Dataset content:
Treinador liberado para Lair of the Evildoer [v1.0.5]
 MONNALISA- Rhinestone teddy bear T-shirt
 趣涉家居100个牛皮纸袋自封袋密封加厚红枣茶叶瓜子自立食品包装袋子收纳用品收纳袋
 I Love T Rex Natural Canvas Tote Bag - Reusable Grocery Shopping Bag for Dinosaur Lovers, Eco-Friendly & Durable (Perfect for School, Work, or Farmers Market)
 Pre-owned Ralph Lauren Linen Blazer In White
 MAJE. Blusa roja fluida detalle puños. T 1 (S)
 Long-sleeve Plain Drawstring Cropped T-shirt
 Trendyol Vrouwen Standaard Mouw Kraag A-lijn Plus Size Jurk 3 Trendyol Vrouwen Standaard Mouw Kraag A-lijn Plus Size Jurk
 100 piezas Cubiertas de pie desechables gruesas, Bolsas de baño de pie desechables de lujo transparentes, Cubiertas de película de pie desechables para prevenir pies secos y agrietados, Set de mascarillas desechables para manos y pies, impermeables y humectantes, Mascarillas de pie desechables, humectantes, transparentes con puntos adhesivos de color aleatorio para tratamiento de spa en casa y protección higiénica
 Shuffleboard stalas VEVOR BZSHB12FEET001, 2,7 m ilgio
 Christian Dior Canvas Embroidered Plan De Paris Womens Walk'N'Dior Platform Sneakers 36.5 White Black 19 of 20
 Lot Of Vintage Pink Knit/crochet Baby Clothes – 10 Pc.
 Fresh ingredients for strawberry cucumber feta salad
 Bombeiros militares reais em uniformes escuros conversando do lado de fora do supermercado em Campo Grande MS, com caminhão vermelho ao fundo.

What this task involves:
Restate word for word the lines from the one holding "Pre-owned Ralph Lauren Linen Blazer In White" to the end of the listing, both ends included, and nothing more.

Output for this task:
 Pre-owned Ralph Lauren Linen Blazer In White
 MAJE. Blusa roja fluida detalle puños. T 1 (S)
 Long-sleeve Plain Drawstring Cropped T-shirt
 Trendyol Vrouwen Standaard Mouw Kraag A-lijn Plus Size Jurk 3 Trendyol Vrouwen Standaard Mouw Kraag A-lijn Plus Size Jurk
 100 piezas Cubiertas de pie desechables gruesas, Bolsas de baño de pie desechables de lujo transparentes, Cubiertas de película de pie desechables para prevenir pies secos y agrietados, Set de mascarillas desechables para manos y pies, impermeables y humectantes, Mascarillas de pie desechables, humectantes, transparentes con puntos adhesivos de color aleatorio para tratamiento de spa en casa y protección higiénica
 Shuffleboard stalas VEVOR BZSHB12FEET001, 2,7 m ilgio
 Christian Dior Canvas Embroidered Plan De Paris Womens Walk'N'Dior Platform Sneakers 36.5 White Black 19 of 20
 Lot Of Vintage Pink Knit/crochet Baby Clothes – 10 Pc.
 Fresh ingredients for strawberry cucumber feta salad
 Bombeiros militares reais em uniformes escuros conversando do lado de fora do supermercado em Campo Grande MS, com caminhão vermelho ao fundo.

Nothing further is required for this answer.